Start of Data provided

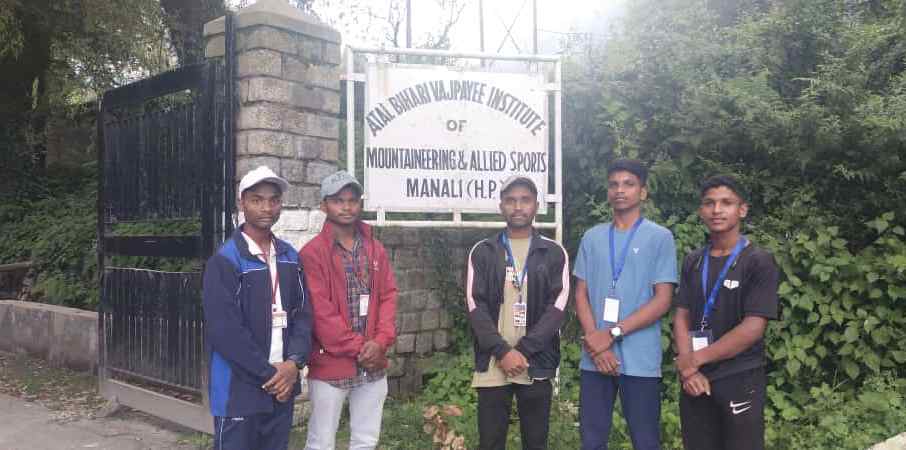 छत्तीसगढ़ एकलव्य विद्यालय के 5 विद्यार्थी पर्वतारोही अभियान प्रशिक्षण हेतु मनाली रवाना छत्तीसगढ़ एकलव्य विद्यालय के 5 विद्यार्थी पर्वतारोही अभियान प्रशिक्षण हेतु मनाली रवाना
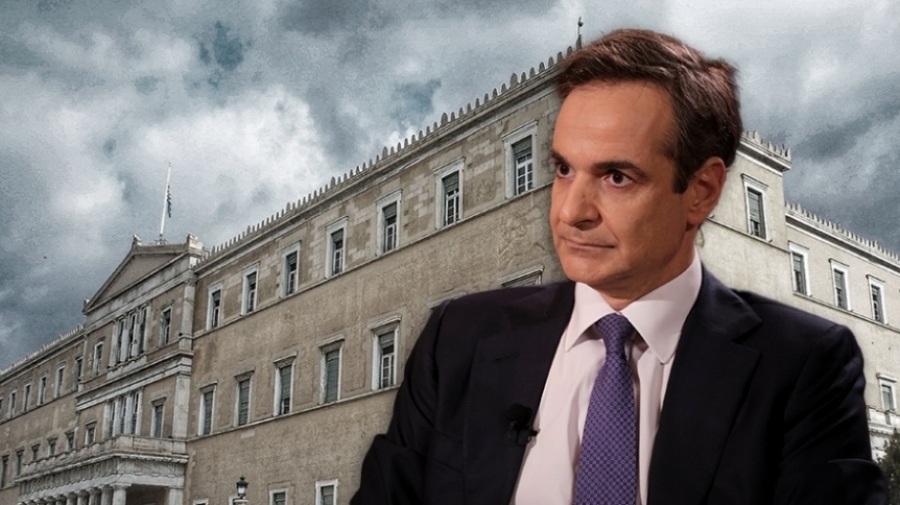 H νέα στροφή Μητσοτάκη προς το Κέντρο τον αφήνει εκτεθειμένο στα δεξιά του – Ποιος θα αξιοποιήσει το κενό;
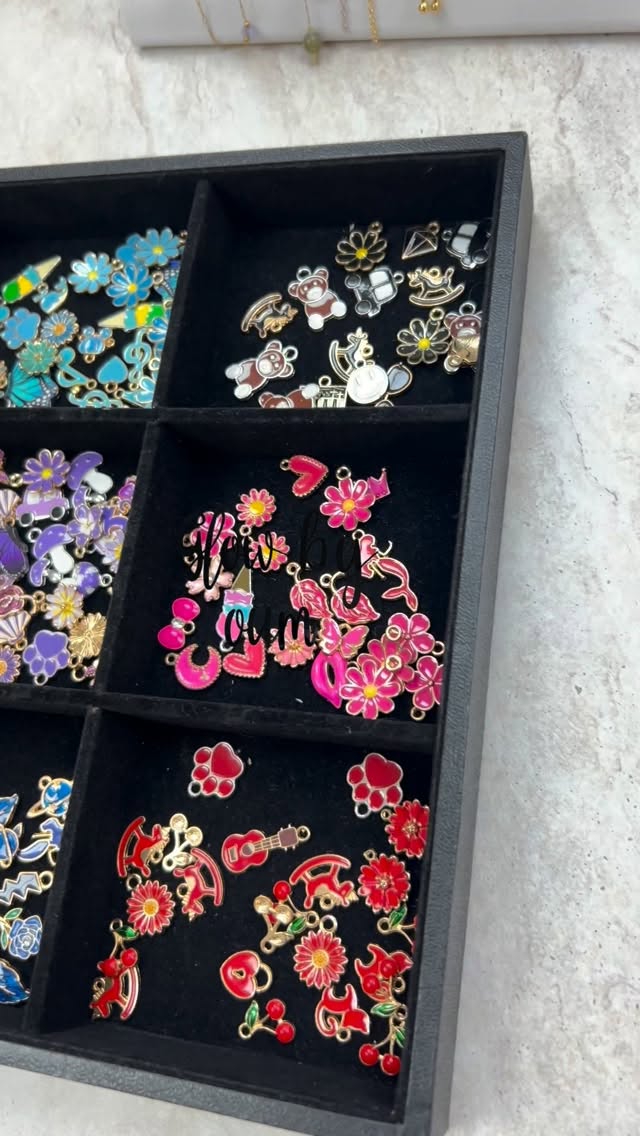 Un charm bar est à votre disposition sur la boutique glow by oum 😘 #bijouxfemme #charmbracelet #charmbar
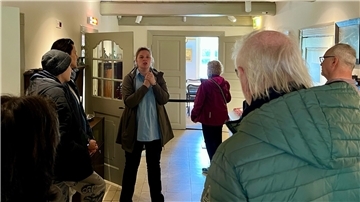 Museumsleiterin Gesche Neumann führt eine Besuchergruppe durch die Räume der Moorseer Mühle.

End of Data provided
Start of Data provided

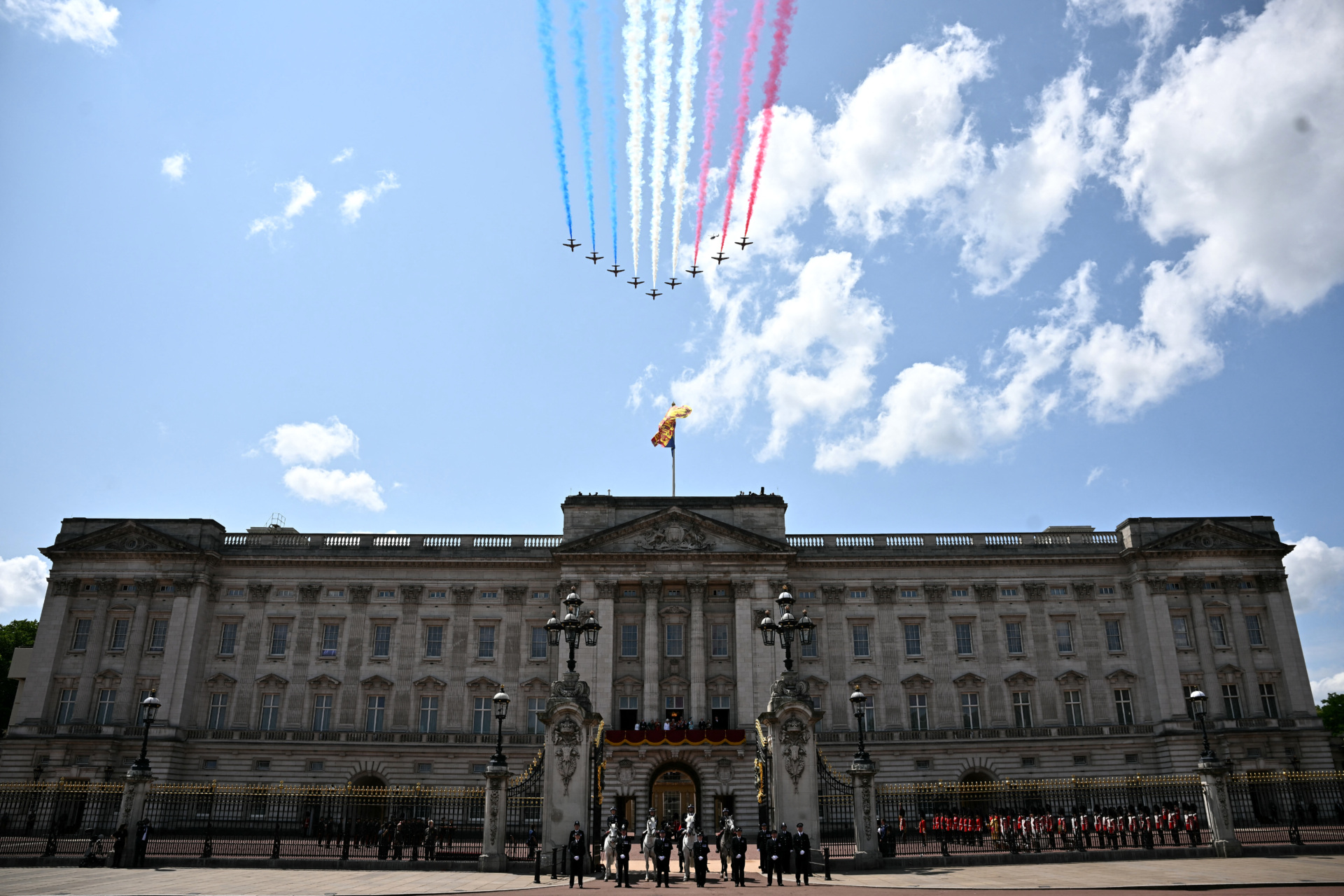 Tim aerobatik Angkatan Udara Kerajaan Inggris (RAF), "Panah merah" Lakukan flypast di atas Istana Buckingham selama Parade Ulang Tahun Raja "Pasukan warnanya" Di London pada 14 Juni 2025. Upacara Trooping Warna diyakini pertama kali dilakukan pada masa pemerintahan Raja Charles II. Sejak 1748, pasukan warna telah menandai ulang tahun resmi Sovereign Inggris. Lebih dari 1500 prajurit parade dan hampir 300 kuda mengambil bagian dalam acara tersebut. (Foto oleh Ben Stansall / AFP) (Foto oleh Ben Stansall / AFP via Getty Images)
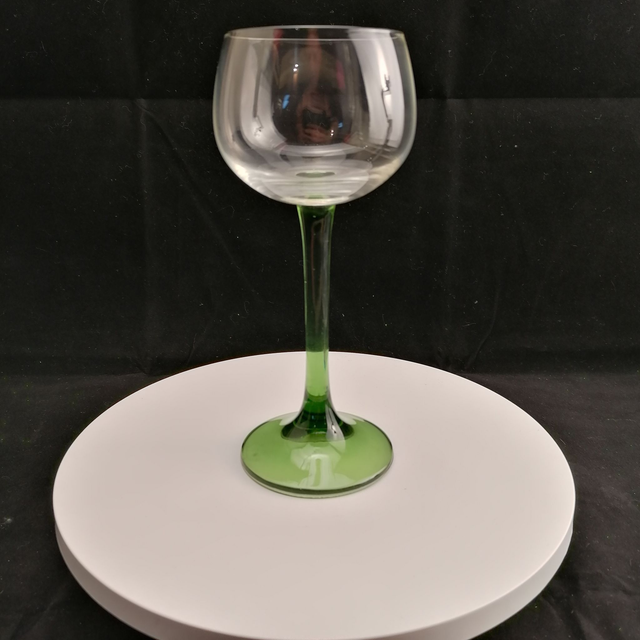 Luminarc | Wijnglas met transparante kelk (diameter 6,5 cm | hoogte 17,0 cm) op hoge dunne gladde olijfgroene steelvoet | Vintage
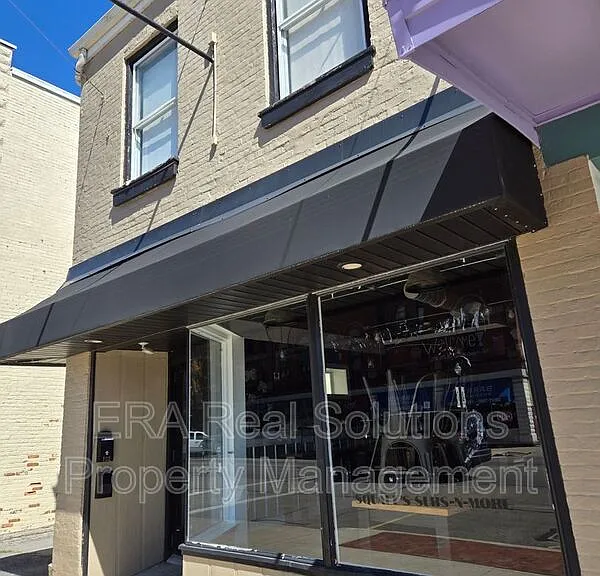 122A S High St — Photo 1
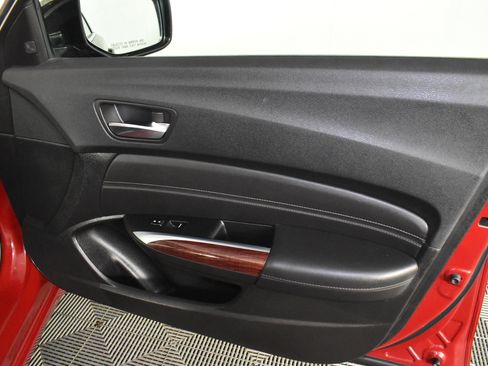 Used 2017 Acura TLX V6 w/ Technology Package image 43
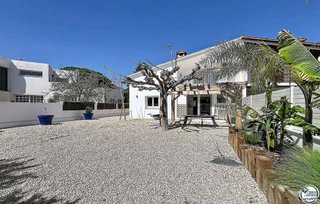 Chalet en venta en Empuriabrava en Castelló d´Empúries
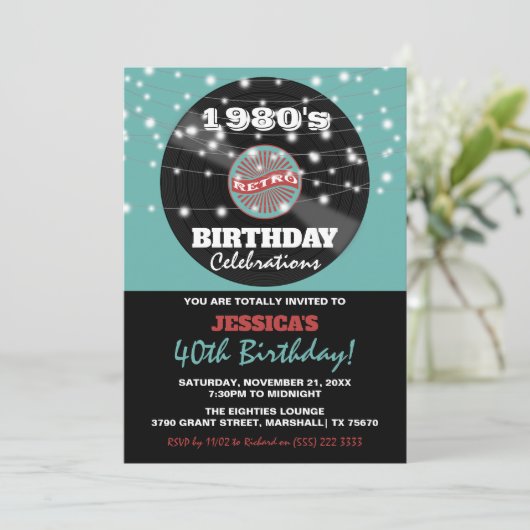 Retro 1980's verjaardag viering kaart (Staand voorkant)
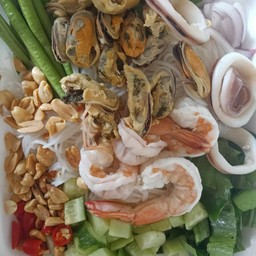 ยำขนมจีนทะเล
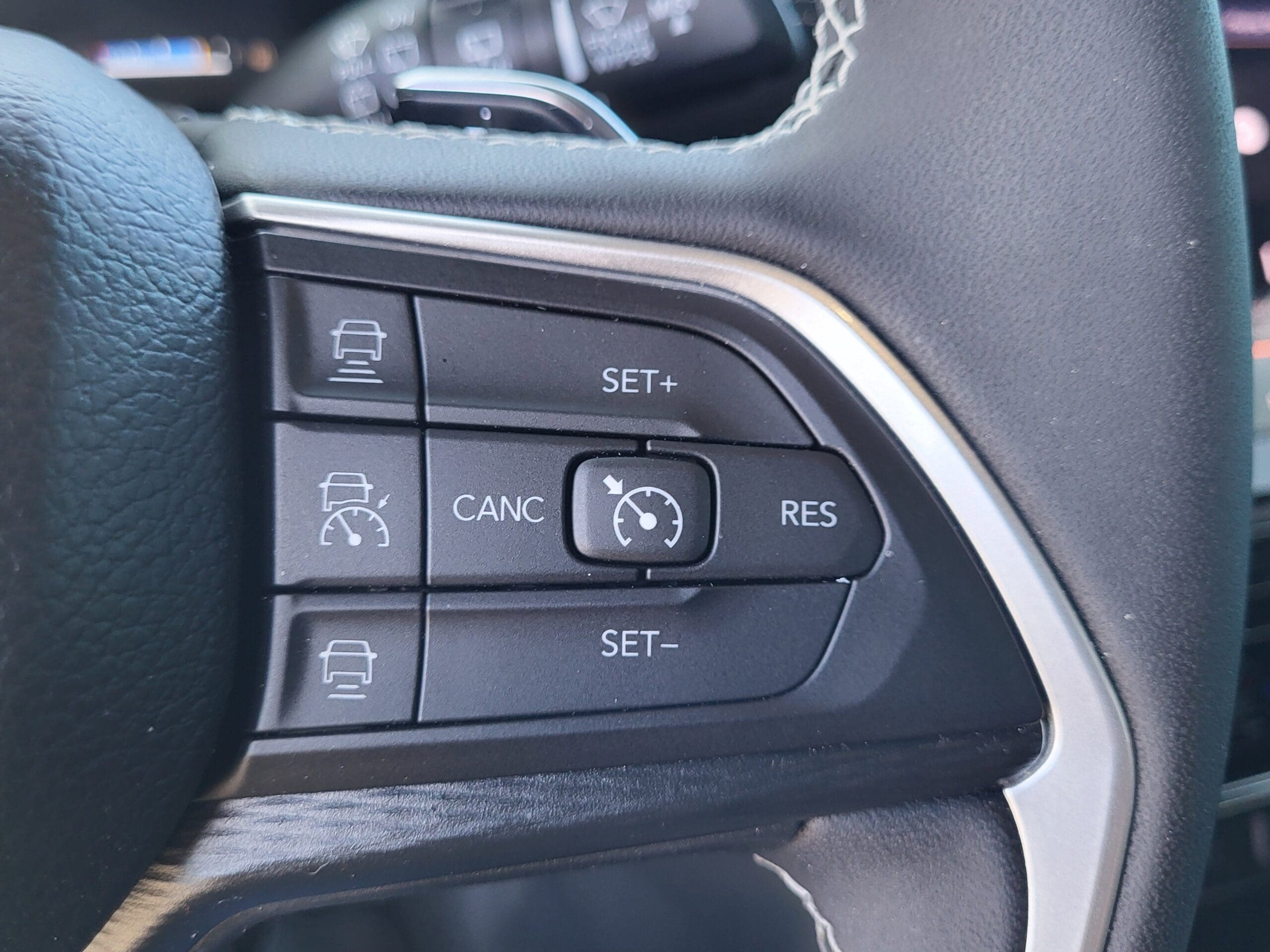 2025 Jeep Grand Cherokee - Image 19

End of Data provided

* **What to work on**: Return exactly the part of the listing above that opens with the line containing "122A S High St — Photo 1" and closes with the line containing "2025 Jeep Grand Cherokee - Image 19". Pictures stay out.

* **Final answer**:
 122A S High St — Photo 1
 Used 2017 Acura TLX V6 w/ Technology Package image 43
 Chalet en venta en Empuriabrava en Castelló d´Empúries
 Retro 1980's verjaardag viering kaart (Staand voorkant)
 ยำขนมจีนทะเล
 2025 Jeep Grand Cherokee - Image 19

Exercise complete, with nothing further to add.